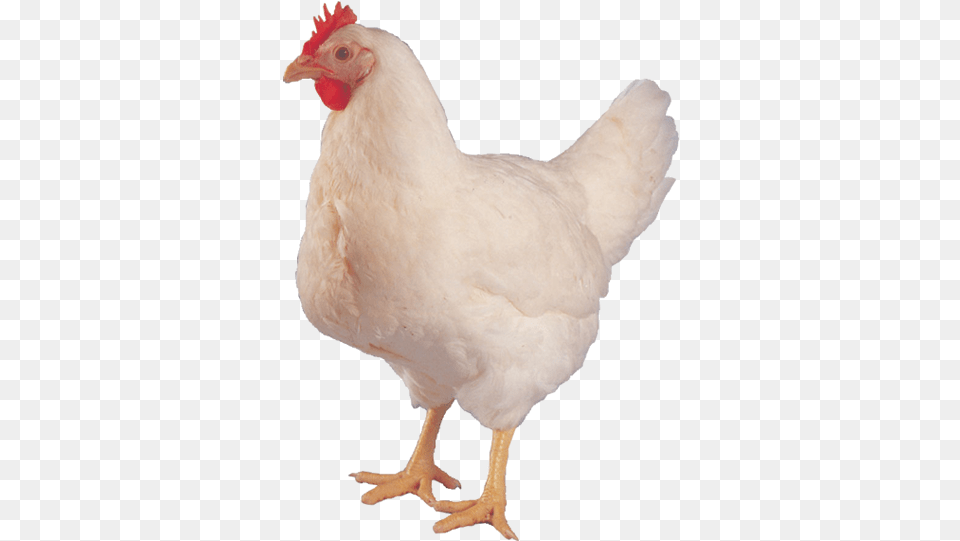 Hen Images Hd, Animal, Bird, Chicken, Fowl Png Image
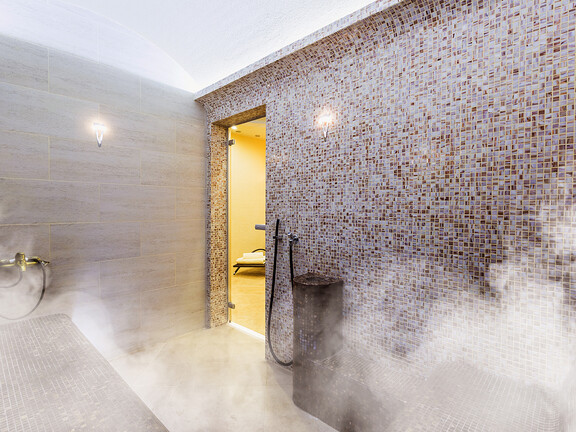steam bath steam generators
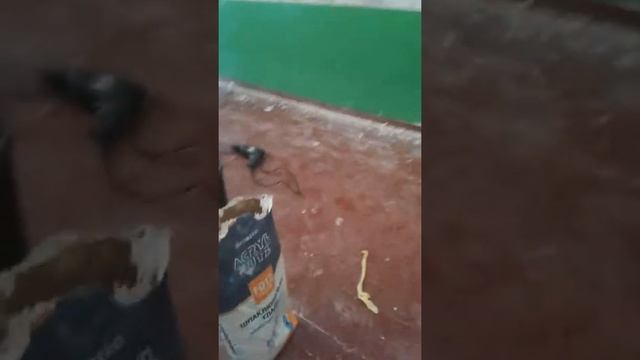 Чи можна шпаклювати пофарбовані стіни? смотреть онлайн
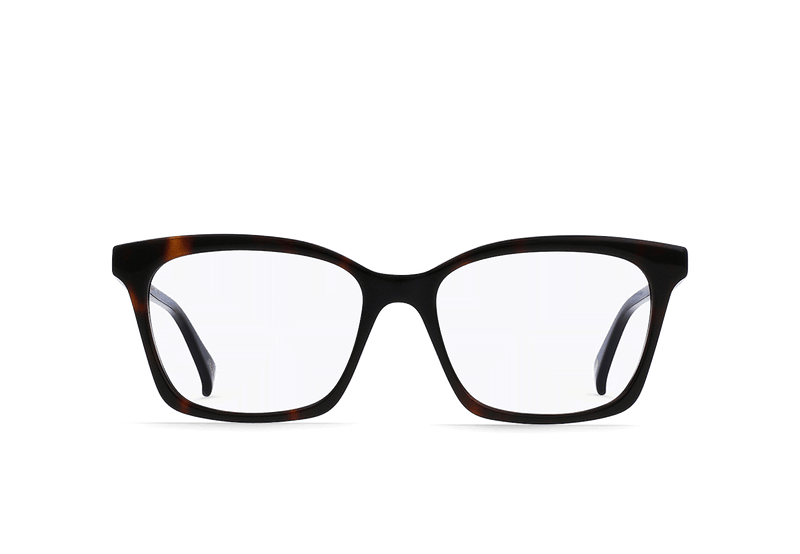 [Kola Tortoise / Clear]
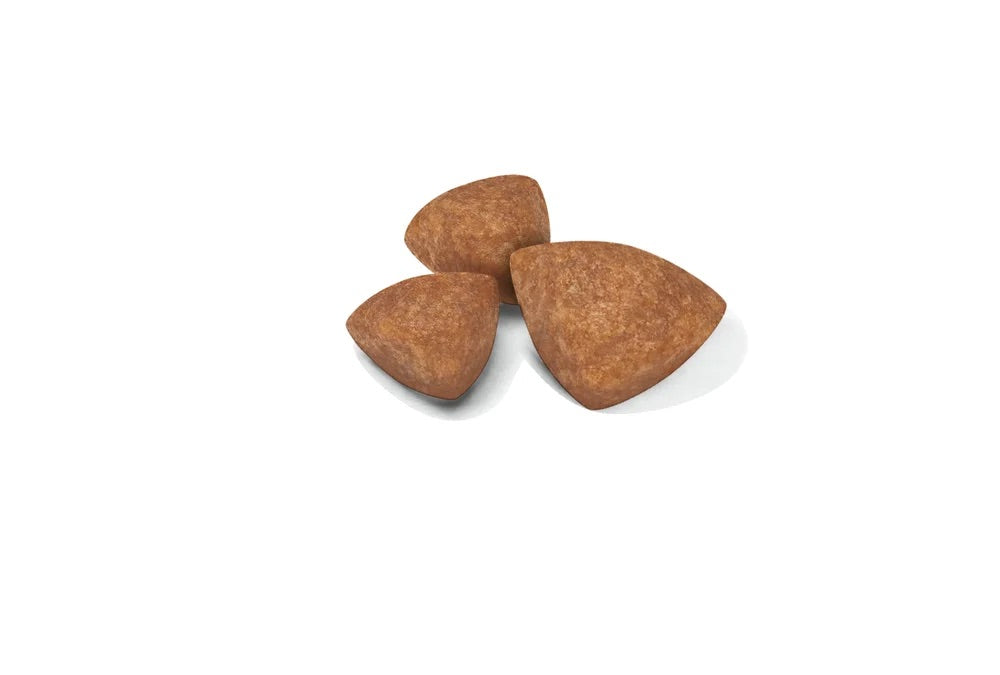 Royal Canin Puppy X-Small Dry Dog Food 1.5kg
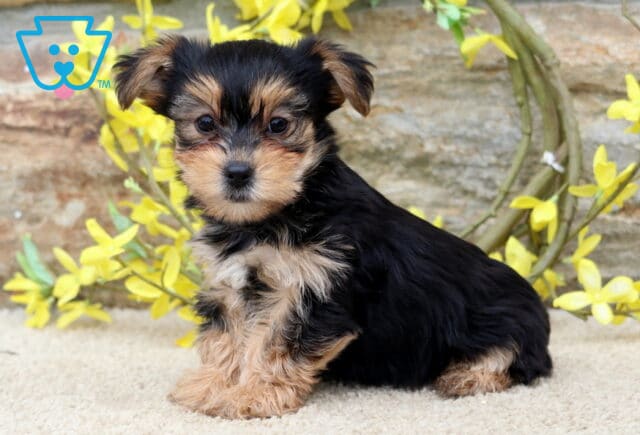 Alert black and tan Yorkie puppy sitting on a light surface with its head slightly tilted, backed by cheerful yellow blossoms and a rustic stone wall. image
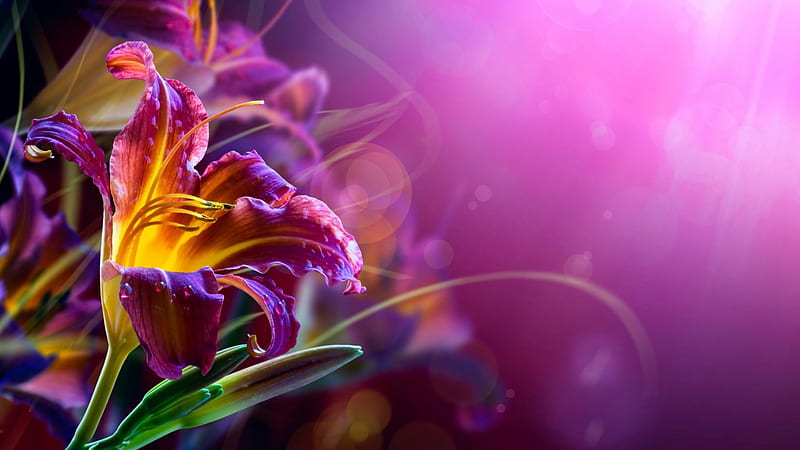 Điểm nhấn hoa màu tím và vàng sẽ làm cho nền máy tính của bạn trở nên tươi sáng và thú vị hơn như không gian sống. Hãy hòa mình vào với màu sắc và hơi thở của thiên nhiên thông qua những hình nền hoa màu tím và vàng này.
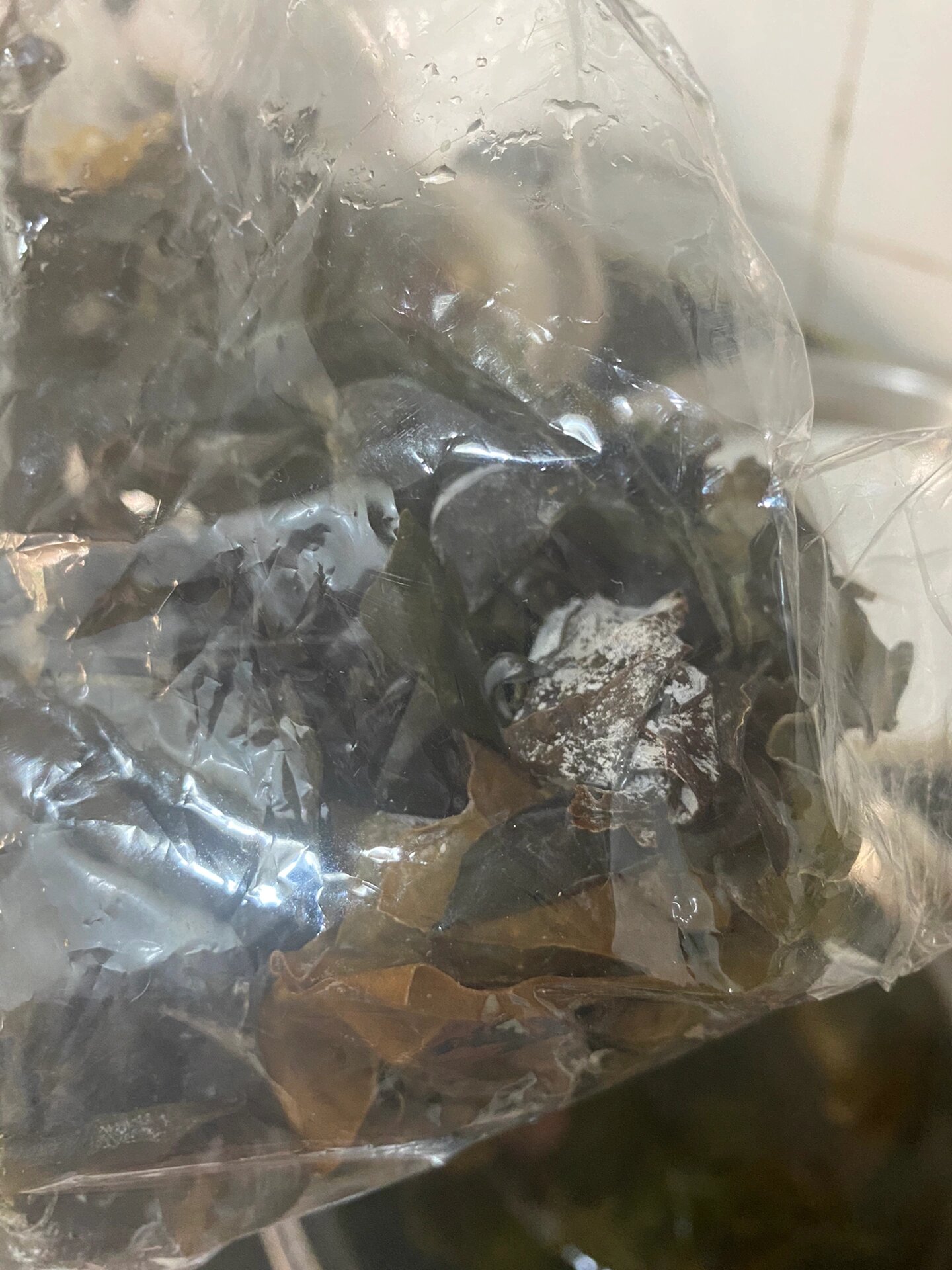 干海带发霉了能不能吃?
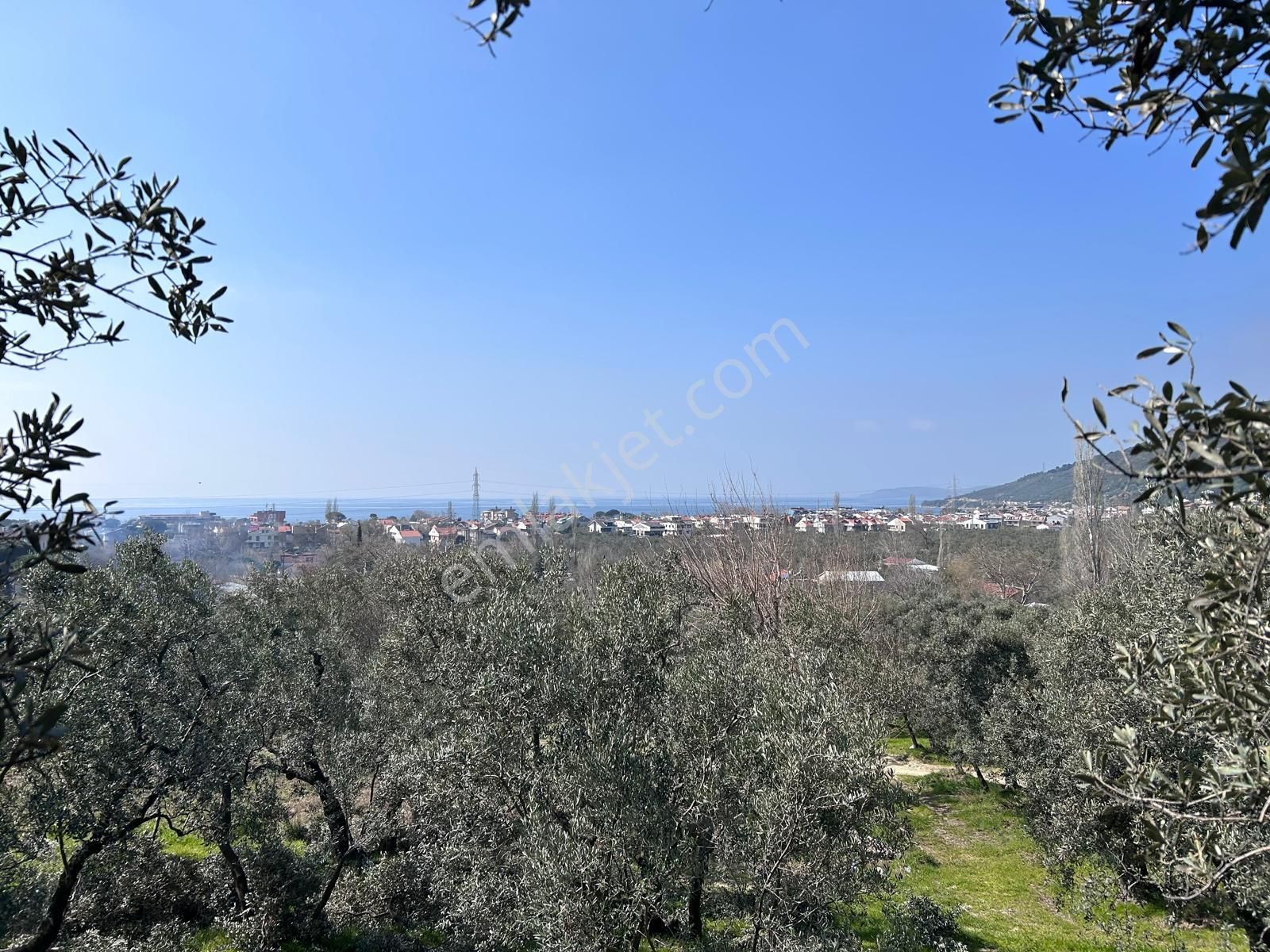 🟨⬛lıon Emlak'tan Erdek Ocaklar'da Yatırımlık Deniz Manzaralı 12.786m² Satılık Zeytinlik⬛🟨 - Görsel 2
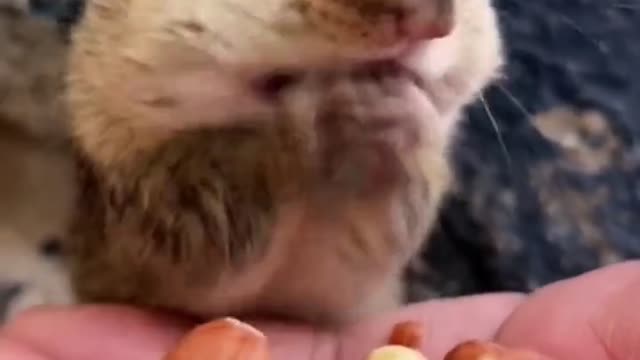 I don't know how many days it hasn't eaten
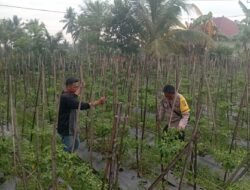 Bhabinkamtibmas Desa Kesik Lakukan Cek Lahan Ketahanan Pangan Bergizi Milik Warga Binaan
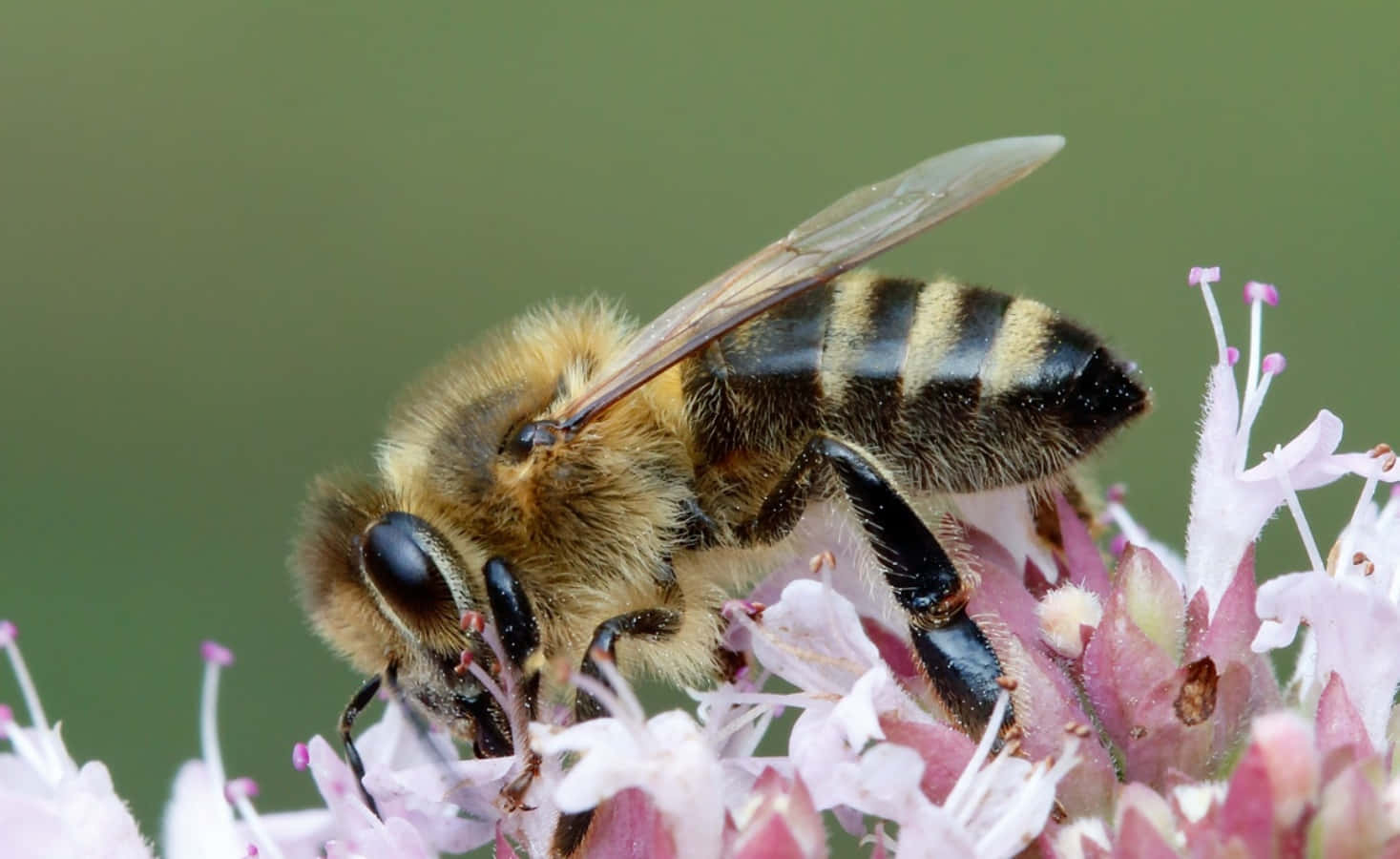 Honey Bee 桌布 壁紙 — 一隻毛茸茸的蜜蜂，腹部有條紋，在柔和的綠色背景下從精緻的粉紅色花朵中採集花蜜。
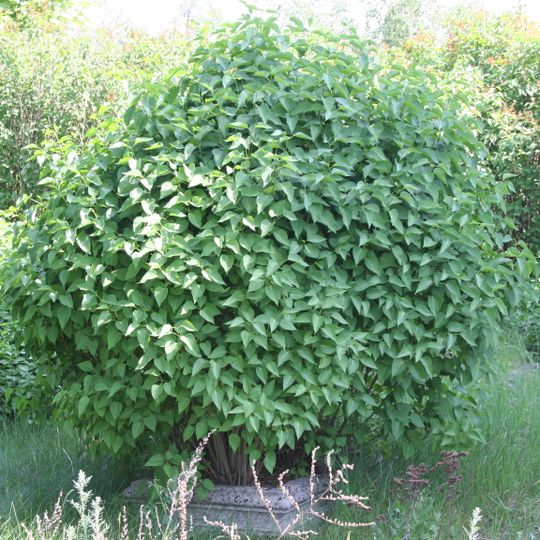 Cmentarz ewangelicki nowy w Klamrach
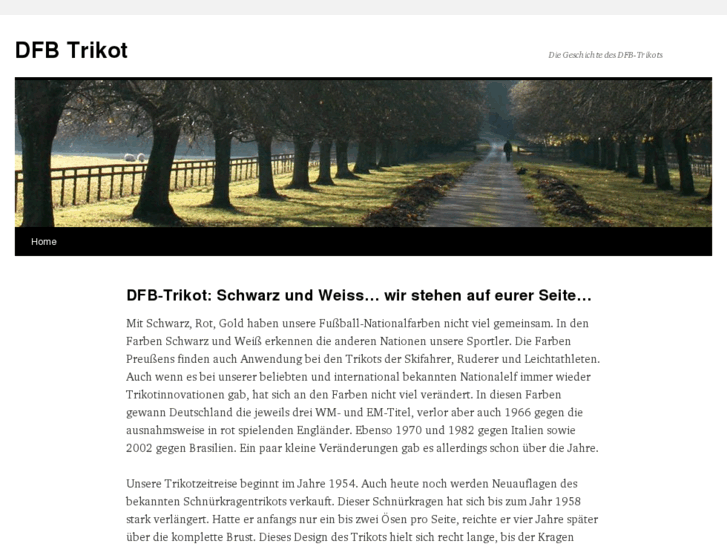 www.dfb-trikot.info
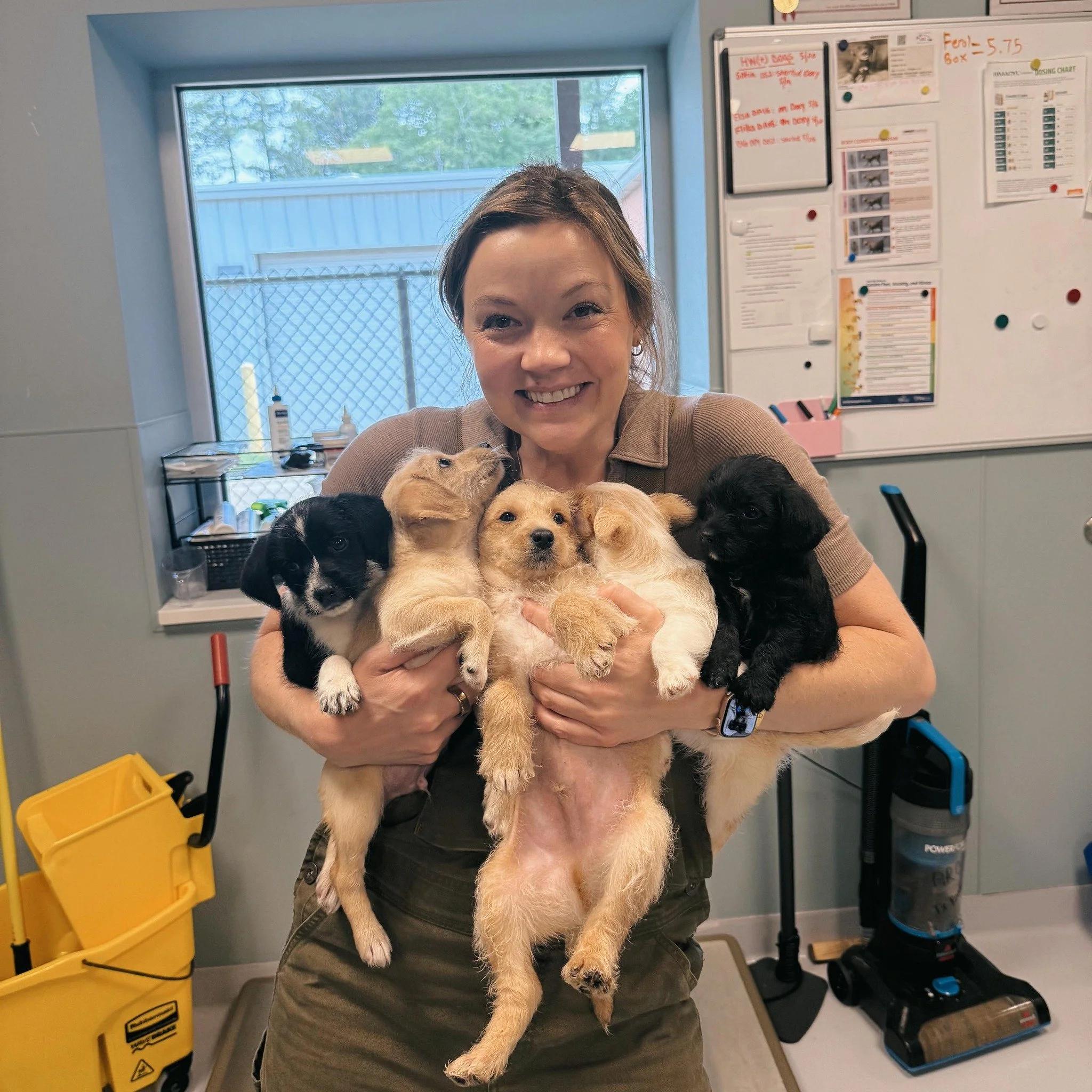 A woman holding five young puppies of various colors inside a room with a whiteboard, cleaning supplies, and a vacuum cleaner visible in the background.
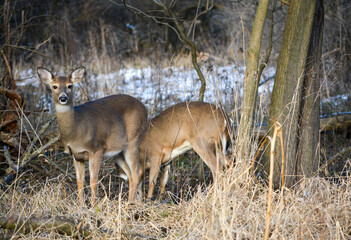 December Deer in Fowlerville, Michigan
..............................
Work request
For this exercise, transcribe the entries above exactly, without any pictures.

Output for this task
 Hen Images Hd, Animal, Bird, Chicken, Fowl Png Image
steam bath steam generators
 Чи можна шпаклювати пофарбовані стіни? смотреть онлайн
 [Kola Tortoise / Clear]
 Royal Canin Puppy X-Small Dry Dog Food 1.5kg
 Alert black and tan Yorkie puppy sitting on a light surface with its head slightly tilted, backed by cheerful yellow blossoms and a rustic stone wall. image
 Điểm nhấn hoa màu tím và vàng sẽ làm cho nền máy tính của bạn trở nên tươi sáng và thú vị hơn như không gian sống. Hãy hòa mình vào với màu sắc và hơi thở của thiên nhiên thông qua những hình nền hoa màu tím và vàng này.
 干海带发霉了能不能吃?
 🟨⬛lıon Emlak'tan Erdek Ocaklar'da Yatırımlık Deniz Manzaralı 12.786m² Satılık Zeytinlik⬛🟨 - Görsel 2
 I don't know how many days it hasn't eaten
 Bhabinkamtibmas Desa Kesik Lakukan Cek Lahan Ketahanan Pangan Bergizi Milik Warga Binaan
 Honey Bee 桌布 壁紙 — 一隻毛茸茸的蜜蜂，腹部有條紋，在柔和的綠色背景下從精緻的粉紅色花朵中採集花蜜。
 Cmentarz ewangelicki nowy w Klamrach
 www.dfb-trikot.info
 A woman holding five young puppies of various colors inside a room with a whiteboard, cleaning supplies, and a vacuum cleaner visible in the background.
 December Deer in Fowlerville, Michigan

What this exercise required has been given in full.